Некоторые французы, как и Робер, оставались настороже: в том же рапорте говорилось, что немецкая обходительность «встречает мало понимания» у части местного населения. Как писала в дневнике одна француженка, молодые женщины в Шартре, наслушавшись жутких историй о Первой мировой войне, мазали себе влагалища дижонской горчицей, «чтобы немцам было больно насиловать». Но в целом немецкая оккупация проходила для христианской части Франции относительно спокойно. К октябрю 1940 г. уже не казалось странным, что 84-летний маршал Петен, глава временного правительства и герой Великой войны, встречается с Гитлером в Монтуаре, городке в 160 км к юго-западу от Парижа. Там на глазах у репортеров они скрепили союз рукопожатием, а позже Петен объявил по радио: «Именно ради чести и единства Франции… я вступаю сегодня на путь сотрудничества».

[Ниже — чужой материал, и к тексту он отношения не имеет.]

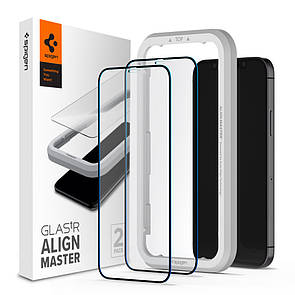 Захисне скло Spigen для iPhone 12 Mini Glas.tR AlignMaster (2 шт.), Black (AGL01812)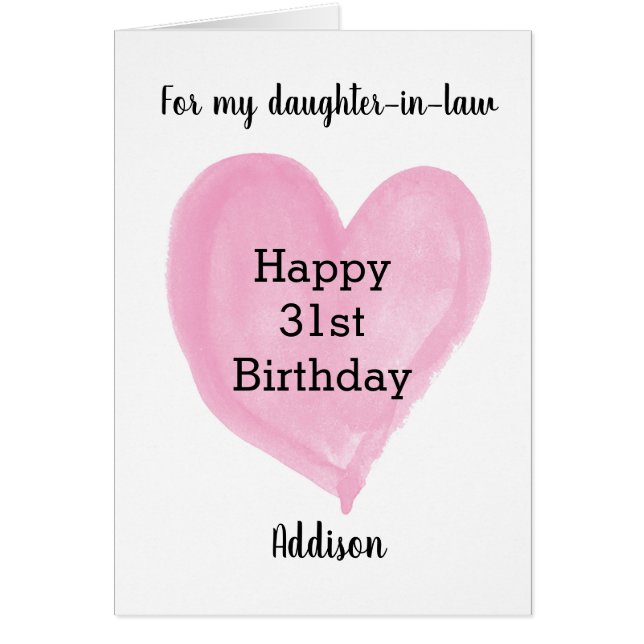 Rosa Vattenfärgning Hjärtat 31a Födelsedag Hälsningskort (Framsidan)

Хотя Петен и отказался встать на сторону немцев в их напряженной борьбе с англичанами, он принял административные и общегражданские цели нацистов. Проще говоря, Франции предстояло стать профашистской страной. «Перемирие… еще не мир, – заявил маршал, – и Франция связана множеством обязательств перед победителем». Чтобы укрепить державу, нужно «искоренить» всякое инакомыслие.

Коллаборационистская речь Петена возмутила Робера, но и заткнула ему рот. Она казалась ему «худшей катастрофой за всю войну», однако мать сумела настоять, чтобы он держал язык за зубами. Она пригрозила, что излишнее вольнодумство «чревато последствиями». Консуэло ни на минуту не забывала, что ее муж в лагере, и ей совсем не хотелось, чтобы туда же отправился и сын. Поэтому Робер вернулся в Париж продолжать учебу – с намерением вести себя осторожнее, но внутри преисполненный решимости идти наперекор всему, что видел вокруг.

Глава 3

Роберу было всего 17, он даже не достиг призывного возраста. Но этот мальчишка яснее многих понимал, что над страной сгущаются сумерки, предвещая долгую, непроглядную ночь. Он видел – страна разваливается на части.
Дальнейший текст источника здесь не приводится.